About this exercise:
Here the job is to copy the data exactly and to exclude every image from it.

### Provided material ###

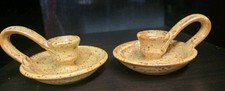 Charming Vintage Hand Made speckled Signed pair candle holder farm cottage core  picture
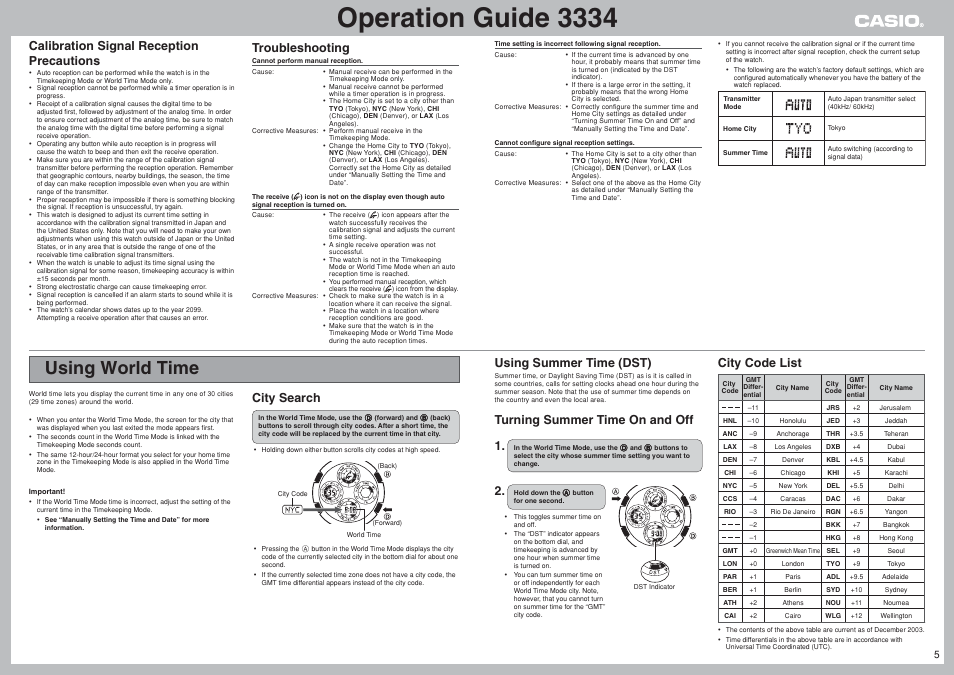 Using world time, Operation guide 3334, City search | Using summer time (dst), Turning summer time on and off 1, City code list, Troubleshooting, Calibration signal reception precautions | G-Shock 3334 User Manual | Page 5 / 8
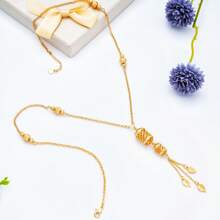 Conjunto de 5 elegantes colares e brincos com pingentes de flores e frutas banhados a ouro 18K, à prova d'água e resistente ao desbotamento, estilo Dubai, adequado para casamento, festa, uso diário, presente para mulheres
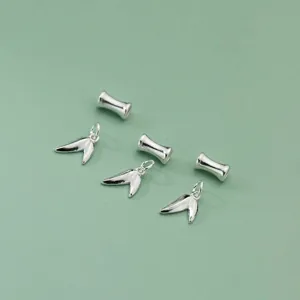 925 Sterlingsilber Bambusknoten Kurzes Rohr Doppelblätter Anhänger Charm Für DIY Armband Halskette Schmuckherstellung Komponente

###

Solution:
 Charming Vintage Hand Made speckled Signed pair candle holder farm cottage core  picture
 Using world time, Operation guide 3334, City search | Using summer time (dst), Turning summer time on and off 1, City code list, Troubleshooting, Calibration signal reception precautions | G-Shock 3334 User Manual | Page 5 / 8
 Conjunto de 5 elegantes colares e brincos com pingentes de flores e frutas banhados a ouro 18K, à prova d'água e resistente ao desbotamento, estilo Dubai, adequado para casamento, festa, uso diário, presente para mulheres
 925 Sterlingsilber Bambusknoten Kurzes Rohr Doppelblätter Anhänger Charm Für DIY Armband Halskette Schmuckherstellung Komponente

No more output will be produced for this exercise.